Environmental Assessment planned for proposed airport upgrades
October 27, 2010
WHITEFIELD — Another step has been taken toward significantly upgrading the Mount Washington Regional Airport (MWRA). The changes could potentially include the installation of a full Instrument Landing System (ILS).
The Bureau of Aeronautics of the state Department of Transportation (NHDOT) was authorized at Wednesday's meeting of Governor and Council in Concord to provide $267,474 to the Town of Whitefield to conduct an Environmental Assessment (EA) for the MWRA in connection with several proposed developments at the airport. Ninety-five percent of the funds are coming from federal funds, with five percent from the state's general funds. No local match is required.
The EA will document any potential environmental impacts for several proposed development projects: a full parallel taxiway "A" that will be approximately 2,300 feet long and 35 feet wide; obstruction removal to achieve a clear approach to Runway 10; and a Instrument Landing System (ILS), including installing a new localizer to replace the existing now-outdated state-owned one, distance measuring equipment (DME), Glide Slope Antenna, and an approach lighting system (MALSR). These potential projects are planned under the Airport Improvement Program (AIP) of the Federal Aviation Administration (FAA) and the State Block Program.
A $254,468 contract is ready to be signed between the MWRA Commission and Fay, Spofford & Thorndike (FST) of Burlington, Mass., the engineering firm that will prepare the EA. A little over $13,000 will be retained locally for contract administration.
An environmental sub-consultant — Smart Associates of Concord — will delineate approximately 6,000 linear feet of wetlands and also provide a functional analysis. The sub-consultant will also survey biotic communities. The Wetlands section of the EA will be both significant and lengthy. Smart Associates will report on any potential diminution of the values and functions of the existing wetlands in the proposed construction area.
The EA's section on Project Alternatives will outline a "no-build" alternative as well as a "build to standards" alternative, including a discussion of wetlands avoidance or mitigation.
The preliminary taxiway design will consider various profile and side slope configurations in an attempt to minimize wetlands impacts.
The proposed parallel taxiway and ILS is adjacent to a wildlife refuge owned by the U.S. Fish and Wildlife Service. "However the proposed action will not have an impact on the adjacent properties," the contract states. "Therefore the discussion (of environmental resources) … will be relatively brief."

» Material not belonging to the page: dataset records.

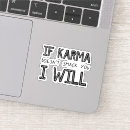 Search for funny karma sayings Sarcastic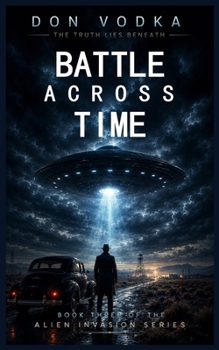 Battle Across Time: Book 3 - Book #3 of the Dazzle Shelton - Alien Invasion Series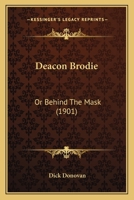 Deacon Brodie: Or Behind The Mask 1120275334 Book Cover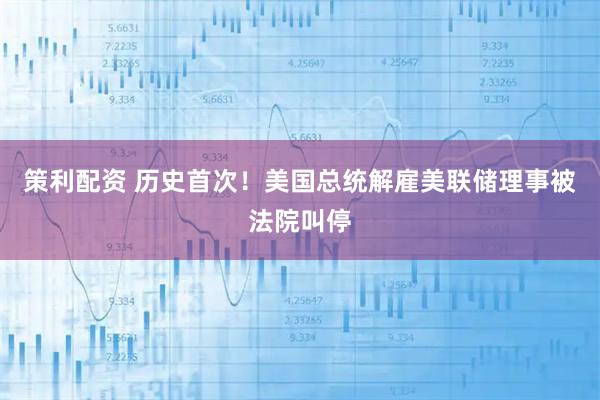 策利配资 历史首次！美国总统解雇美联储理事被法院叫停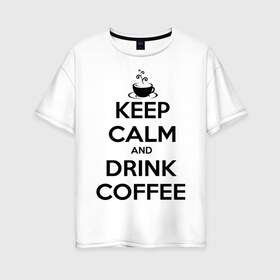 Женская футболка хлопок Oversize с принтом Keep calm and drink coffee в Санкт-Петербурге, 100% хлопок | свободный крой, круглый ворот, спущенный рукав, длина до линии бедер
 | keep calm | keep calm and drink coffee | кофе | прикольные надписи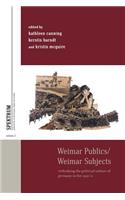 Weimar Publics/Weimar Subjects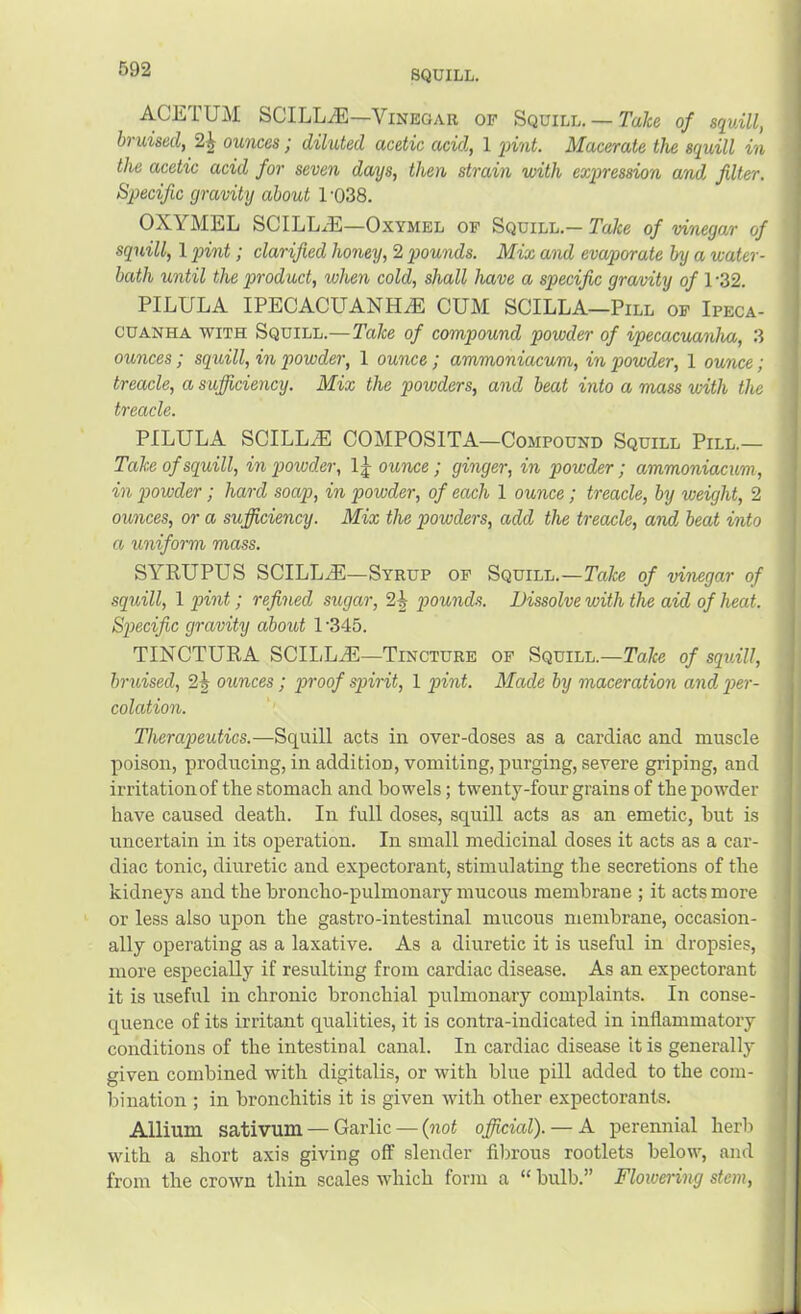 ACETUM SCILLA])—Vinegar of Squill. — Ta/ce of squill, bruised, 2^ ounces; diluted acetic acid., 1 qnnt. Macerate the squill in the acetic acid for seven days, then strain with expression and filter. Specific gravity about 1 ‘038. OXYMEL SCILL..E—OxYMEL op Squill.— Take of vinegar of squill, 1 pint; clarified honey, 2 pounds. Mix and evaporate by a water- bath until the product, when cold, shall have a specific gravity of 1-32. PILULA IPECACUANHiE CUM SCILLA—Pill op Ipeca- cuanha WITH Squill.—Take of compound powder of ipecacuanha, 3 ounces; sqtiill, in powder, 1 ounce; ammoniacum, in powder, 1 ounce; treacle, a sufficiency. Mix the powders, and beat into a mass with the treacle. PILULA SCILLiE COMPOSITA—Compound Squill Pill.— Take of squill, in poivder, 1 j ounce; ginger, in powder; ammoniacum, in p>owder; hard soap, in powder, of each 1 ounce; treacle, by weight, 2 ounces, or a sufficiency. Mix the powders, add the treacle, and beat into a uniform mass. SYEUPUS SCILLiE—Syrup op Squill.—Ycife of vinegar of squill, 1 pint; refined sugar, 2| pounds. Dissolve with the aid of heat. Specific gravity about 1 '345. TINCTUEA SCIIiLiE—Tincture op Squill.—Take of squill, bruised, 2^ ounces; proof spirit, 1 pint. Made by maceration and per- colation. Therapeutics.—Squill acts in over-doses as a cardiac and muscle poison, producing, in addition, vomiting, purging, severe griping, and irritation of the stomach and bowels; twenty-four grains of the powder have caused death. In full doses, squill acts as an emetic, but is uncertain in its operation. In small medicinal doses it acts as a car- diac tonic, diuretic and expectorant, stimulating the secretions of the kidneys and the broncho-pulmonary mucous membrane ; it acts more or less also upon the gastro-intestinal mucous membrane, occasion- ally operating as a laxative. As a diuretic it is useful in dropsies, more especially if resulting from cardiac disease. As an expectorant it is useful in chronic bronchial pulmonary complaints. In conse- quence of its irritant qualities, it is contra-indicated in inflammatory conditions of the intestinal canal. In cardiac disease it is generally given combined with digitalis, or with blue pill added to the com- bination ; in bronchitis it is given with other expectorants. Allium sativum — Garlic — {not official). — A perennial herb with a short axis giving off slender fibrous rootlets below, and from the crown thin scales which form a “ bulb.” Floivering stem.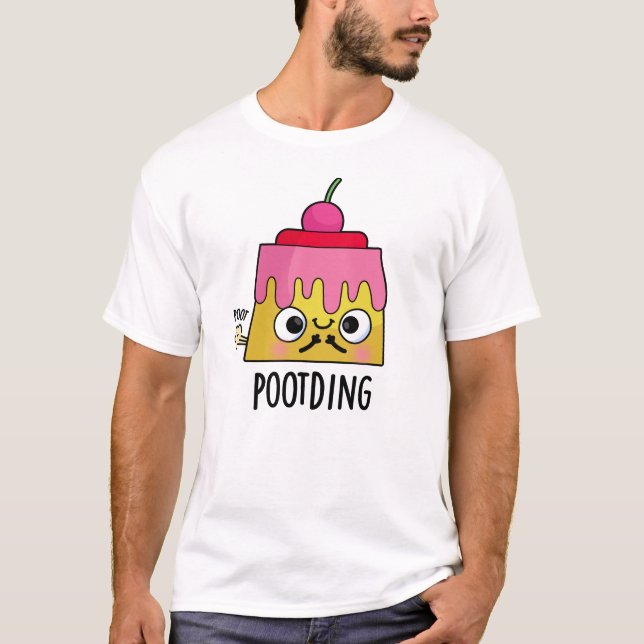 Camiseta Poot ding Funny Pudim Fart Pun (Frente)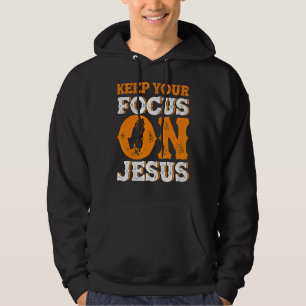 Keep Your Focus On Jesus Bible Study Christian Hoodie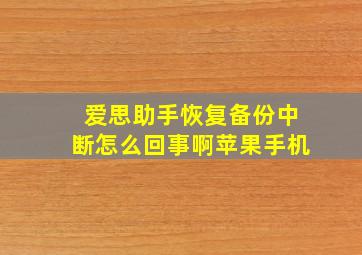 爱思助手恢复备份中断怎么回事啊苹果手机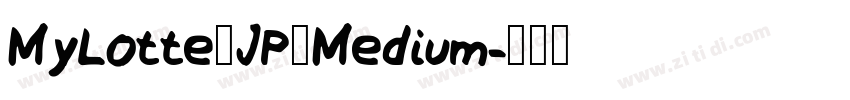 MyLotte_JP_Medium字体转换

Discussion on noise will be very limited in scope because, according to the contract, the existing noise contours at the airport are not expected to change.

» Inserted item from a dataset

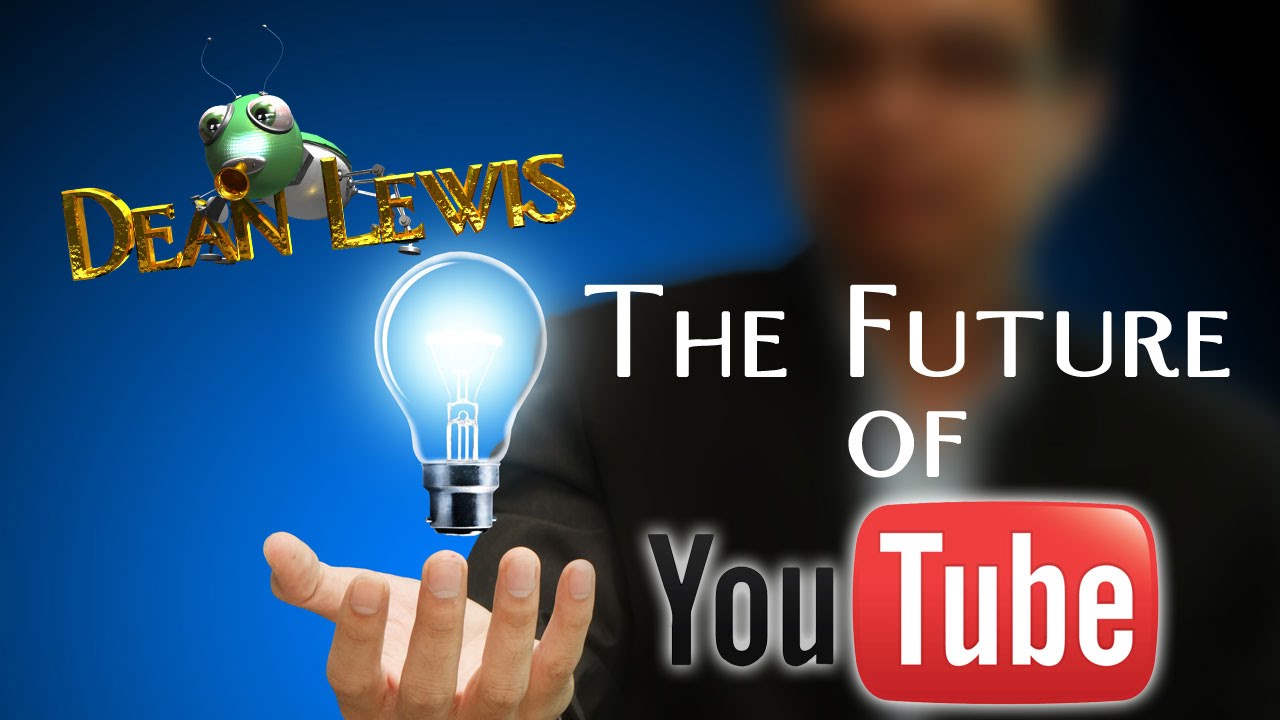 YouTube's Future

FST will prepare construction cost estimates for each element of the proposed construction project.
FST will collect existing demographic information and briefly discuss the social impacts associated with the proposed improvements. FST will also prepare a brief summary of induced socio-economic impacts, including business and job growth-attraction as well as demands on fire and police departments.

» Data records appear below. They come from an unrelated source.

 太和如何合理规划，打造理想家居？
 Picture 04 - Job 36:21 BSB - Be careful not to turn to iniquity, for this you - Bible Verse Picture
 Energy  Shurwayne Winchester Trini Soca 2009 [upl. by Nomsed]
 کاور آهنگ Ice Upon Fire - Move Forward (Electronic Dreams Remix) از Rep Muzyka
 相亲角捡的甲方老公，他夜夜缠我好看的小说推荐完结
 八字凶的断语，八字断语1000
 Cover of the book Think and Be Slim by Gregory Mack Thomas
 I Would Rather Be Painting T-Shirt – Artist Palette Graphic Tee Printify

Meetings will be held with various state cultural and historical agencies and departments. FST will be in touch with several local and state agencies to obtain existing planning and master plan reports for the Whitefield area and then prepare a discussion how the proposed developments relate to the overall plan for the surrounding area.
Because the proposed MALSR has sequenced flashers that would extend onto private property located west of Colby Road, the EA will also consider light emissions.
FST will prepare a detailed discussion on the cumulative impacts of previous projects as well as future planned projects.
The EA will include a section on "Adverse Impacts Which Cannot Be Avoided" due to construction of the proposed improvements.
"Mitigation Methods to Adverse Impacts" will be a significant section in the EA. FST will investigate on-site mitigation, off-site mitigation within the same watershed, and off-site mitigation outside of the watershed area.
"The impacts will exceed those impacts eligible under the state's In-Lieu Fee program," the contract states. "FST will investigate and identify various parcels of land that may be suitable for use as off-site mitigation and present a discussion as part of this section (of the EA). Conceptual estimates of wetland impact range from approximately 8 acres to 14 acres, depending upon the selected taxiway profile and side slope variations."
FST will hold two public informational meetings during the EA process. "The purpose of the two meetings is to present the proposed projects to the general public to obtain public input and respond to comments received," the contract states.
Upon approval of the EA, FST
Will prepare a FONSI (Finding of No Significant Impact) that details the reasons why the proposed action will not have an adverse impact on the environment.
A draft FONSI will be prepared and distributed to NHDOT, FAA, and the owner for review and comment.
Once approved by NHDOT, FAA and the owner, FST will distribute the FONSI to agencies and individuals that either made substantive comments or specifically requested copies.
The Final EA will incorporate all comments, plan modifications, and mitigation modifications identified by review agencies and 50 copies will be prepared for public distribution.
During the EA process, FST will attend six of the Airport Commission meetings to keep members abreast of the EA's progress and to address potential conflicts.
The EA is expected to be completed in the fall of 2011.